The relative comfort on the ‘reserved' seats behind the lighting desk (note to fellow reviewers - always make sure you're seated where you can see to scribble, or you'll end up trying to decipher what look like the doodles of a three year old) proved as good a spot as any to watch Kennedy wrestle with those dubious characters sometimes made up of dubious characters, i.e., words.
Kennedy began, as we all do, in childhood.
Hailing from Dundee, and spending part of her childhood in the reviewer's hame turf of Arbroath, a certain semi-spurious fellow feeling creeps in here, but Kennedy's world is of course much larger, contained within her own highly creative head.
For Kennedy's real theme is nothing less than the miraculousness of consciousness and it's capacity to allow us to imagine ourselves elsewhere, being someone else, doing anything we wish. The root of our being and the route to being who and what we wish.

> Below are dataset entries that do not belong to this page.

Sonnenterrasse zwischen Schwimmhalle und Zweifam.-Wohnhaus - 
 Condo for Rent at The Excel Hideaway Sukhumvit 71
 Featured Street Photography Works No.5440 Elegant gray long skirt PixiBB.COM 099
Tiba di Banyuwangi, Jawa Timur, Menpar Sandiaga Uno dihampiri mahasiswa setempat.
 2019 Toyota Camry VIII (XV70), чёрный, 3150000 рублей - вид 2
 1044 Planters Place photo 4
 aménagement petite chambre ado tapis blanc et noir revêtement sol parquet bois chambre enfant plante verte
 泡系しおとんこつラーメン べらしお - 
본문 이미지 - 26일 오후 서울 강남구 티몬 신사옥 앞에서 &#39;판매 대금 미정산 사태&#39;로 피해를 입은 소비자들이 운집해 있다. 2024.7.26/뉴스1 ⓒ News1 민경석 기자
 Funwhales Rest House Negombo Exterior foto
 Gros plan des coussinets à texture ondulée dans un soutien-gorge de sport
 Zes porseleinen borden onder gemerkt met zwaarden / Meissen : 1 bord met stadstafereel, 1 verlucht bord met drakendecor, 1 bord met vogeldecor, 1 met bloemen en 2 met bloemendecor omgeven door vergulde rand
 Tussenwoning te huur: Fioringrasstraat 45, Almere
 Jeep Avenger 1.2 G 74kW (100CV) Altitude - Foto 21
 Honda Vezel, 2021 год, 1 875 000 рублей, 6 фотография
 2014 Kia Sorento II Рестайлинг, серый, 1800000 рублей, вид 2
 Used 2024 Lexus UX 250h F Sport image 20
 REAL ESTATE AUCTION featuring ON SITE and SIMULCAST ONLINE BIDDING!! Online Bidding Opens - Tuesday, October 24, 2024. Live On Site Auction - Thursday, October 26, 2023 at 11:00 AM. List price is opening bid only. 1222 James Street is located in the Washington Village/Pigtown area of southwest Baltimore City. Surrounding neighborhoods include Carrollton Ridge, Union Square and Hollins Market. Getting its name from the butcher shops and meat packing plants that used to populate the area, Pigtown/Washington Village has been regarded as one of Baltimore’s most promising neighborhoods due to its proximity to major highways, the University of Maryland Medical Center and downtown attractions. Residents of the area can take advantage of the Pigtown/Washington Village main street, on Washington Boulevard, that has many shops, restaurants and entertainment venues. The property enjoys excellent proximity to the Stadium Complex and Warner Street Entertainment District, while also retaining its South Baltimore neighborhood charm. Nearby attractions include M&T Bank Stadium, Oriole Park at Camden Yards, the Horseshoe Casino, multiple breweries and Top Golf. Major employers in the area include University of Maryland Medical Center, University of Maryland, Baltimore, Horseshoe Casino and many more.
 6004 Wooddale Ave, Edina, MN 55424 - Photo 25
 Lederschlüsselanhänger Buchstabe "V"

It's an ambitious hour which Kennedy packs with wit, wisdom and a canny understanding of what makes her fellow humans tick. She encourages, cajoles and pleads for a humane and purposeful approach to life and the people we find ourselves living it with.
There's much high humour to be had with words and the way Kennedy tells them, but her purpose is beyond the throwaway joke and certainly the disposable sound-bite. If you enjoy exercising the largest organ in your body (no, it's your brain, actually) you're almost certain to enjoy this.